Ma anche in punto di significatività induttiva delle omesse annotazioni sul libro paga e matricola, lungi dal potersi discutere di omessa motivazione (giacchè la CTR le enuncia e le supporta con affermazioni intrinsecamente ed estrinsecamente logiche e coerenti), gran parte delle critiche sviluppate nel motivo non solo si concentrano sulla valutazione del “peso induttivo” degli elementi presi in considerazione dal Giudice d’appello, e non già alla coerenza intrinseca o alla pertinenza degli stessi, ma sono anche smentite nella loro complessiva pertinenza logica e probatoria dall’enunciazione e richiamo, anche qui analitico e coerente, che la CTR fa ai “report” di interventi effettuati in una serie di giornate in località diverse e sulla compatibilità degli stessi con il numero di automobili e cellulari in dotazione alla Società ed al personale. In presenza di tali concrete ed esplicitate motivazioni, le censure dei ricorrenti si risolvono in una pretesa di rivalutazione nel merito delle fonti di prova già analiticamente e coerentemente apprezzate dal Giudice del merito, come tale inammissibile anche sotto il profilo di censura (art. 360, n. 5), invocato dai ricorrenti.

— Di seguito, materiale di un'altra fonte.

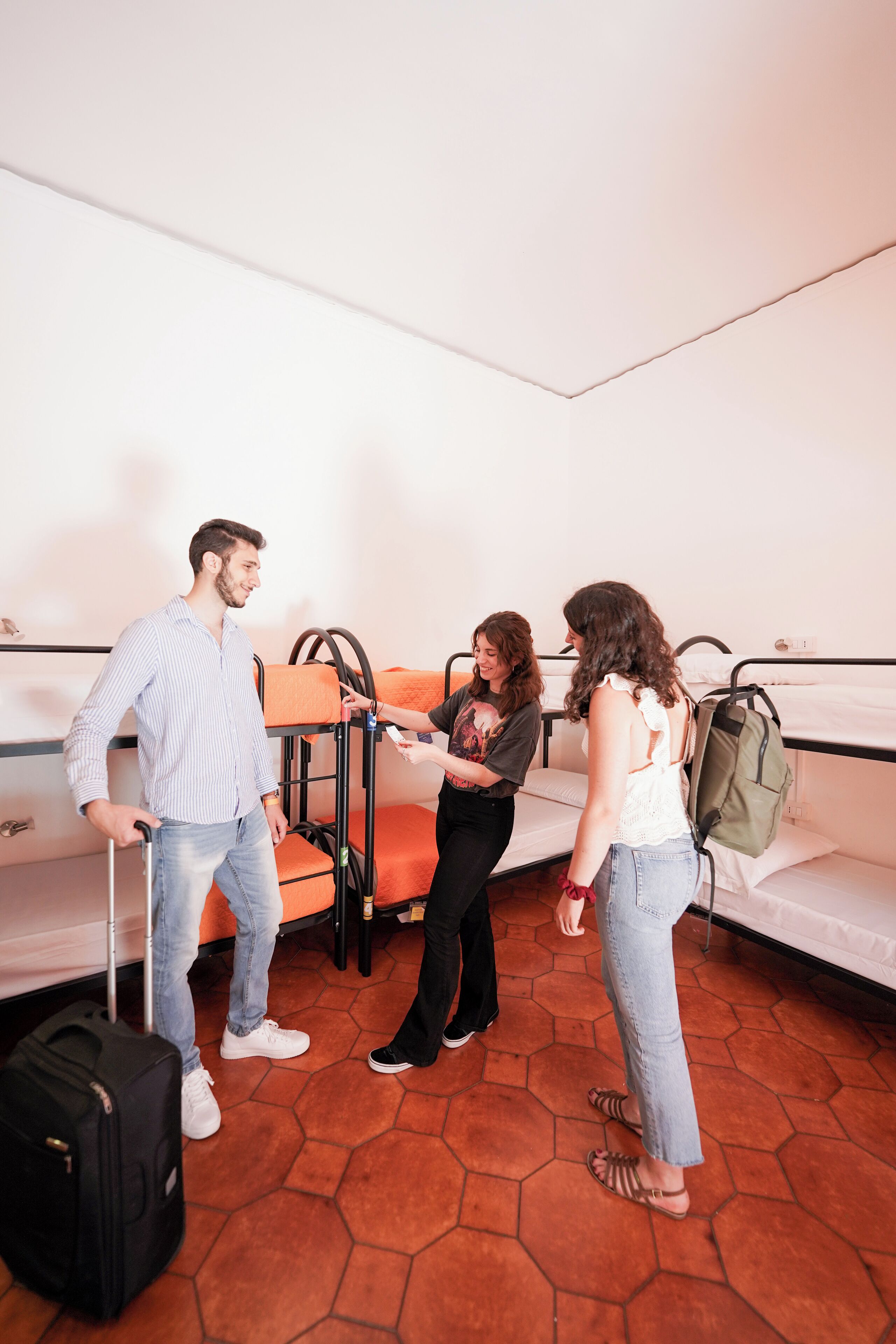 Foto - Naples Experience Hostel - Age Limit 18-28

Pertanto il ricorso, infondato in tutti i suoi motivi, deve essere rigettato, con la conseguente condanna dei ricorrenti in solido alla rifusione in favore dell’Agenzia controricorrente delle spese di questa fase, liquidate come da dispositivo.

P.Q.M.

La Corte respinge il ricorso e condanna i ricorrenti in solido al rimborso in favore dell’Agenzia delle spese del giudizio di Cassazione, che liquida in complessivi Euro 5.600,00, oltre spese prenotate a debito.

Così deciso in Roma, il 27 novembre 2019.